If writing is a duty for an academic, communication is another channel that a scholar should seriously take into consideration to disseminate the outcome of one’s own research. Through media exposure, conferences and lectures, the author’s ideas can penetrate into a larger public, which otherwise would be limited to the so-called ivory tower.
Soon after the release of my book, UN Secretary-General Ban Ki Moon expressed his personal interest in the topic and invited me to a private meeting in Tokyo in May, during which he gave me full support and encouraged me to continue working on the theme by actively interacting with civil society. Since then, I have expressed my thoughts to major Korean newspapers, organized book launch events around the world and given lectures at various institutes.
Among others, the Seoul event in July was a special experience for me. Some two-hundred persons attended the event, including not only professors, diplomats and journalists but also housewives, high school students, business persons, and Japanese colleagues who flew all the way from Tokyo just to attend my presentation (though none of them has knowledge of the Korean language).

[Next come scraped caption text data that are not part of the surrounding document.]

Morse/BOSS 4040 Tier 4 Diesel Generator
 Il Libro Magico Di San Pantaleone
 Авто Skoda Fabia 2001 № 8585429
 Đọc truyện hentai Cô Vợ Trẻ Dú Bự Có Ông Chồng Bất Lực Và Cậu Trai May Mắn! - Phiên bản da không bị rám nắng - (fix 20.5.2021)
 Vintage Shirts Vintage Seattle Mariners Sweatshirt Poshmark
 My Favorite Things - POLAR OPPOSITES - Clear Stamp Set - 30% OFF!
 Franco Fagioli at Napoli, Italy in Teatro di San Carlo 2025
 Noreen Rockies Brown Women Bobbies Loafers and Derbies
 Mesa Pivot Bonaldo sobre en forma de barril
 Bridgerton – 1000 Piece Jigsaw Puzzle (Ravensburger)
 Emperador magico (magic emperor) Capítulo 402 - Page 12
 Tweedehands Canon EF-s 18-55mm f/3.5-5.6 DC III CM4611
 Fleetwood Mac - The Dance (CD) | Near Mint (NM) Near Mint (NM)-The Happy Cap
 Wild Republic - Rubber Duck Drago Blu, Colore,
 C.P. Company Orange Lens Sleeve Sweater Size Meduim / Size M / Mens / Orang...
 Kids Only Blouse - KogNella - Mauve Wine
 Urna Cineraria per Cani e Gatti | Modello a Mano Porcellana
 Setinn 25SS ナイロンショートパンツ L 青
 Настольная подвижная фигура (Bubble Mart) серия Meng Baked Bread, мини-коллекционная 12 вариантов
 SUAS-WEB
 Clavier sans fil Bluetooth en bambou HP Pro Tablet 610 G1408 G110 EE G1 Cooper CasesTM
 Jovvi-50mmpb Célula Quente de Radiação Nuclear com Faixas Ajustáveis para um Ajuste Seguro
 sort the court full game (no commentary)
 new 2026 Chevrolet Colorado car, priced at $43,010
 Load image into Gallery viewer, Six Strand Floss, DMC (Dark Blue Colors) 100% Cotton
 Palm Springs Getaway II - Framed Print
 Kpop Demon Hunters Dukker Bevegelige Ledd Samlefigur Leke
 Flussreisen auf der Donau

The most touching feedback came from a young jazz musician who was invited to play for the event: “I am not interested in politics at all, and I do not pay attention to the event while I am playing. But today, her talk made me think twice about how I should behave vis-à-vis the society to which I belong.”
I personally hope that my book offers an opportunity for a larger public to think about the concept of “reconciliation” and the quality of the peaceful relationship we would like to have with our neighbouring states.